Sunday, April 4, 2010

if that's my prayer book, lord, let us pray

you know like sometimes when you just don't feel like going to sleep and instead you want to stand around and sing paul simon in your party skirt?

i thought, graceland, being released in 1986, that a real live music video would exist for the ronstadt duet 'under african skies' but it DOES NOT and i am GUTTED. but let me tell you there are a sure damn lot of acoustic covers of the goddamn song and now i've lost a part of my life i can never get back. but i digress...

been really missing living alone in some trees recently. its turning into an ache. i'm stuck between the spokes of the decision wheel once again, my friends. should i move apartments or am i just a perpetual restless when i'm living here. i can't relax! i feel myself wound and winding and i can't cut loose! for instance, right now, as i'm blogging, i am certain there is a really fun party next door. why didn't i go check it out? i'm sort of getting into doldrums status over here. i guess this is where i publicly declare that almost every day of being without real true grass and trees feels like being medievally tortured.

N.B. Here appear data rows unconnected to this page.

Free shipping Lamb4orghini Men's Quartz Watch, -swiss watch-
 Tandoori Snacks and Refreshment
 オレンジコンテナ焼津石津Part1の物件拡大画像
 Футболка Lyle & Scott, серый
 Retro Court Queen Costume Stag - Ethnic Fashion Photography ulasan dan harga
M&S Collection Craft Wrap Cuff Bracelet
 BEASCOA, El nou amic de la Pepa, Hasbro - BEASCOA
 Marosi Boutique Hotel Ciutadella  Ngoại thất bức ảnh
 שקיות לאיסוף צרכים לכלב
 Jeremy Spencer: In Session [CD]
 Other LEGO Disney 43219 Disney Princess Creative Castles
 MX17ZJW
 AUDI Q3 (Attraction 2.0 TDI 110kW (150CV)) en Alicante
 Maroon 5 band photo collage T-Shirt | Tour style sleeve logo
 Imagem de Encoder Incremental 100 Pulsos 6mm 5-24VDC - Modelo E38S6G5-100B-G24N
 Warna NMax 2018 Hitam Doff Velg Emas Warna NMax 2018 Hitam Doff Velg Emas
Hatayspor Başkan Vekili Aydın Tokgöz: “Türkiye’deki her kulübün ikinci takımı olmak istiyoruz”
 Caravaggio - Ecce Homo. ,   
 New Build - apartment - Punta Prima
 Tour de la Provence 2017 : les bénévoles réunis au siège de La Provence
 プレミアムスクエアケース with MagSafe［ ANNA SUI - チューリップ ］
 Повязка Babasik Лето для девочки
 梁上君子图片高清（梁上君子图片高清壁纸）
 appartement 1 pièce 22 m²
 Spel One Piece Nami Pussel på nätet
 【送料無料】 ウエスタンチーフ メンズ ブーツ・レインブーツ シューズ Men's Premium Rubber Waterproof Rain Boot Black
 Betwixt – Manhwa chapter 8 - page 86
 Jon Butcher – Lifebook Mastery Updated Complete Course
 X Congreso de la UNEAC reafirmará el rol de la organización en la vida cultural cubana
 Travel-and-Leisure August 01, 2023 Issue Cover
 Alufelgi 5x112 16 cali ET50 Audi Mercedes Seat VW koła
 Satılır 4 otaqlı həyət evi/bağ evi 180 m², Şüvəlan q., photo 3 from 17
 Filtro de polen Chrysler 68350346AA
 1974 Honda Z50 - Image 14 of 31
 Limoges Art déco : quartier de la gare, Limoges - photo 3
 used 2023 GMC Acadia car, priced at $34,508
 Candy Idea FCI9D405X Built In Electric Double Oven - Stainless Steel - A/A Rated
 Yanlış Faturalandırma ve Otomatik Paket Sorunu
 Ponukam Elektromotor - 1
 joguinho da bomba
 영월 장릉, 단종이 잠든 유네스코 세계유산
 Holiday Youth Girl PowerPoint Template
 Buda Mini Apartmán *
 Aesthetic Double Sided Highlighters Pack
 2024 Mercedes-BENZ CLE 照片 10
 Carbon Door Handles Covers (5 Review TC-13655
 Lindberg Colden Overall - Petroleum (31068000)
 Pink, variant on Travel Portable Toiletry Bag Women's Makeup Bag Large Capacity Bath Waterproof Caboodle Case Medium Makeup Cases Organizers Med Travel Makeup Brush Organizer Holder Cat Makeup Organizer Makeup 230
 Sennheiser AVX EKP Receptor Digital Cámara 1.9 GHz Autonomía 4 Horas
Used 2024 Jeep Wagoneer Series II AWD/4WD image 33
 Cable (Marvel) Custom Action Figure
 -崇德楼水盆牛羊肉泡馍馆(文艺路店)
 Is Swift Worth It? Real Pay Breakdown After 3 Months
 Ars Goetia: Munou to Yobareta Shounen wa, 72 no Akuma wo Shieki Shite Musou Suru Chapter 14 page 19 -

i guess this marks the end of this blog. tomorrow is studying the histology of dentin, cementum, and pulp. on the roof. with one of those tin foil shields around my face to crisp me up good and brown. i might start writing a book. i'd really do anything to avoid studying so this actually might happen. and if it does, thank god the cover already exists:



i see you guys next time, okay?


p.s. happy birthday mama. i love you.